La FSU avait souligné la nécessaire consultation des organisations syndicales de l’Éducation nationale lors d’un GT après les décisions actées au niveau du CREFOP en décembre.
Nous prenons acte des nouvelles mesures annoncées par le Secrétaire général de la région académique pour la constitution de la carte des formations de septembre 2022 : un groupe de travail en mai 2021 avant le dépôt des dossiers et un groupe de travail avant le CREFOP de décembre 2021. Pour siéger valablement, les représentants des personnels doivent pouvoir bénéficier de documents complets et en particulier des dossiers d’ouverture non retenus. Par ailleurs, les chefs d’établissement ne peuvent pas être les seuls interlocuteurs pour l’élaboration de la carte des formations puisqu’elle engage la communauté éducative de chaque établissement.
L’étude de la carte des formations de la formation initiale sous statut scolaire est une nécessité au service d’une politique volontariste de développement de la formation des jeunes, pour répondre aux besoins en formation du tissu économique.

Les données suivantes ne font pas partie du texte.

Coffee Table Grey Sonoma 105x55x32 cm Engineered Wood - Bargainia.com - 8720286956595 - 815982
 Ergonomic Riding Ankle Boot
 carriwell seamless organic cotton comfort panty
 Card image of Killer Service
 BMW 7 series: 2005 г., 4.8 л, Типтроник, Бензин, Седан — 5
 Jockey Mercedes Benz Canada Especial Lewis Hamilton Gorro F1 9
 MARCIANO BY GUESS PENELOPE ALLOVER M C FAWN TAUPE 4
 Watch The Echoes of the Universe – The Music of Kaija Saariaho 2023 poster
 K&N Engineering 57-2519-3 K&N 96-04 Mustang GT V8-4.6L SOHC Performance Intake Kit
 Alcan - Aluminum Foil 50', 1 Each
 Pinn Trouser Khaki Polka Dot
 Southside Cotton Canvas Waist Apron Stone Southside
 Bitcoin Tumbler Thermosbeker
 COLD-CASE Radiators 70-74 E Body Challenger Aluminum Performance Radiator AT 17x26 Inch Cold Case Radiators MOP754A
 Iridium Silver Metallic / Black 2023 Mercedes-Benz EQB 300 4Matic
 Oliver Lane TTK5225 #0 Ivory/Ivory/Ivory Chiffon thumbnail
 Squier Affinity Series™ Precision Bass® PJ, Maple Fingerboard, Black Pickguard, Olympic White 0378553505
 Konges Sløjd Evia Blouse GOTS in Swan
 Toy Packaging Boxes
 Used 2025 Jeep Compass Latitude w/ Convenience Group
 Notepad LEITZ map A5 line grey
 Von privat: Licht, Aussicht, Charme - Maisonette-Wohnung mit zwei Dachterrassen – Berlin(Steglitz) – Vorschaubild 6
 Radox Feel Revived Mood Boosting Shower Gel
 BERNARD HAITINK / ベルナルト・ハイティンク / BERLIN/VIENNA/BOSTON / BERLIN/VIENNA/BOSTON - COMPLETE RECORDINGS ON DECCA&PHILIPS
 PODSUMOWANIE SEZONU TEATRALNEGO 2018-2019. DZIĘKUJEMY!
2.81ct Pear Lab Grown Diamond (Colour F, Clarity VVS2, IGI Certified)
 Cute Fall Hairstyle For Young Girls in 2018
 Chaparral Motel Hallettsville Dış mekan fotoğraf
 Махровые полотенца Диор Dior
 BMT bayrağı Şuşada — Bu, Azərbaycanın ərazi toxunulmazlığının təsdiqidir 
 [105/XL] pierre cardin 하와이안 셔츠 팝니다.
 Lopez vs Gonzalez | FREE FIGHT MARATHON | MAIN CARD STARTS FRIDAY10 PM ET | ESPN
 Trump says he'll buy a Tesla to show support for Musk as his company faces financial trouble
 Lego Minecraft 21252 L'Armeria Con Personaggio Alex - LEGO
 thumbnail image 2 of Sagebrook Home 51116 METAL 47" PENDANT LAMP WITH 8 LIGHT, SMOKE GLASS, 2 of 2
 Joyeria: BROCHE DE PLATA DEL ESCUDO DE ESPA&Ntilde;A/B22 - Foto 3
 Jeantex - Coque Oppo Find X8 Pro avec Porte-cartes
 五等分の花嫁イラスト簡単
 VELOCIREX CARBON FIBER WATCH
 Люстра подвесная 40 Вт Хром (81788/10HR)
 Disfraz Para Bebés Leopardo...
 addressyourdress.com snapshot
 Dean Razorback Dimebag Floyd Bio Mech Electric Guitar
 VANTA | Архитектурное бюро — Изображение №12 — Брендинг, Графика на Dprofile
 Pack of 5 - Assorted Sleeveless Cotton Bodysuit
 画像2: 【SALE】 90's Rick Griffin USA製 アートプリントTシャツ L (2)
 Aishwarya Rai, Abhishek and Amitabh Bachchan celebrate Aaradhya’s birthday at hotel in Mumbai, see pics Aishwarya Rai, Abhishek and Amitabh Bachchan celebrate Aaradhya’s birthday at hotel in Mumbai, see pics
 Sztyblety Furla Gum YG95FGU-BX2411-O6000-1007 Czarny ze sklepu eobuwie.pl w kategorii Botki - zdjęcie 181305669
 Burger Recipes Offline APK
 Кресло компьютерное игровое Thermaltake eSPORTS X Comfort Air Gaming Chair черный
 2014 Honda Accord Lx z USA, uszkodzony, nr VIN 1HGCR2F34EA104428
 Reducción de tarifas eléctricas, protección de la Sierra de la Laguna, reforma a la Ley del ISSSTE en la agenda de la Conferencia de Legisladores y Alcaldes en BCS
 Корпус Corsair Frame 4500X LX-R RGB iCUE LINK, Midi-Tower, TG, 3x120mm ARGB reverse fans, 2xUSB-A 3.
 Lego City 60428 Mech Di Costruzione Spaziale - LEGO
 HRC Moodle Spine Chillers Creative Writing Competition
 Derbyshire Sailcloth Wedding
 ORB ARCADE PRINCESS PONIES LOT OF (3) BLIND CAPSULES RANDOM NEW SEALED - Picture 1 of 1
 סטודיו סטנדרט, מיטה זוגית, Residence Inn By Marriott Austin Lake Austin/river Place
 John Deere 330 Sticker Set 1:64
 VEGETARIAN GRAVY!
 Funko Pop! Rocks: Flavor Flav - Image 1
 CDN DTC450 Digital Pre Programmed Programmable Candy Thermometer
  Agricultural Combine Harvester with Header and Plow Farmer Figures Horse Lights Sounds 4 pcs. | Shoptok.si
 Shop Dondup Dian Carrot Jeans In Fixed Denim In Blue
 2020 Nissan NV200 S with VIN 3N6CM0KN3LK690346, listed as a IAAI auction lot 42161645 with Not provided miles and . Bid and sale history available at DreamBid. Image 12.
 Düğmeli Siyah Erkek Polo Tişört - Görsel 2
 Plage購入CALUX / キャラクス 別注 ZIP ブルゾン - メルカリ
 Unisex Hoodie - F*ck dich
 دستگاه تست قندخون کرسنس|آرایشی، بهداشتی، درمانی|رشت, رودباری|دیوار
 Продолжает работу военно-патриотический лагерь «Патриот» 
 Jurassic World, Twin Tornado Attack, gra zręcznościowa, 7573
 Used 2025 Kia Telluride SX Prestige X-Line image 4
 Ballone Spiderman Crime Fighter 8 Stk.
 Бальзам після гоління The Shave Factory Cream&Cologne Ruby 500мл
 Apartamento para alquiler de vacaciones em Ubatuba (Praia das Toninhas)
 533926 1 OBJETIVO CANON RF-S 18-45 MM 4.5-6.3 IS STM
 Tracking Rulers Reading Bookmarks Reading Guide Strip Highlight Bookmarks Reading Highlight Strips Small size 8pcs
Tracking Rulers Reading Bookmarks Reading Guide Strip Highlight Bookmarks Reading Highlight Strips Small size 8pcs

Avec la loi pour la liberté de choisir son avenir professionnel, la libéralisation du marché de l’apprentissage a permis l’ouverture de nombreux CFA privés, et en particulier dans la région Hauts-de-France. Pendant cette crise, le modèle de l’apprentissage a été interrogé et mis en difficulté : l’apprentissage ne peut se développer que si la conjoncture économique est florissante et si les entreprises sont en capacité de recruter. Sans les aides financières de l’État et la possibilité de commencer l’apprentissage pendant 6 mois sans avoir signé de contrat avec une entreprise, le modèle de développement de cette formation se serait effondré dans les CFA privés. Pendant ce temps, l’Éducation nationale a assumé sa part du travail et les enseignants ont même assuré le suivi des PFMP ( en CAP et en Bac pro) ainsi que l’enseignement des élèves n’ayant pas de lieu de stage dans les LP, la formation à distance sans dotation de matériel informatique et sans aucune compensation. Pour nous, la prime de 150 € réservé à certains enseignants prévue en janvier 2021 et annoncée pour février, est indigente au regard des besoins. Le Parisien du 9 février chiffrait le coût du travail à domicile à 174 euros par mois : seront ils un jour compensés ?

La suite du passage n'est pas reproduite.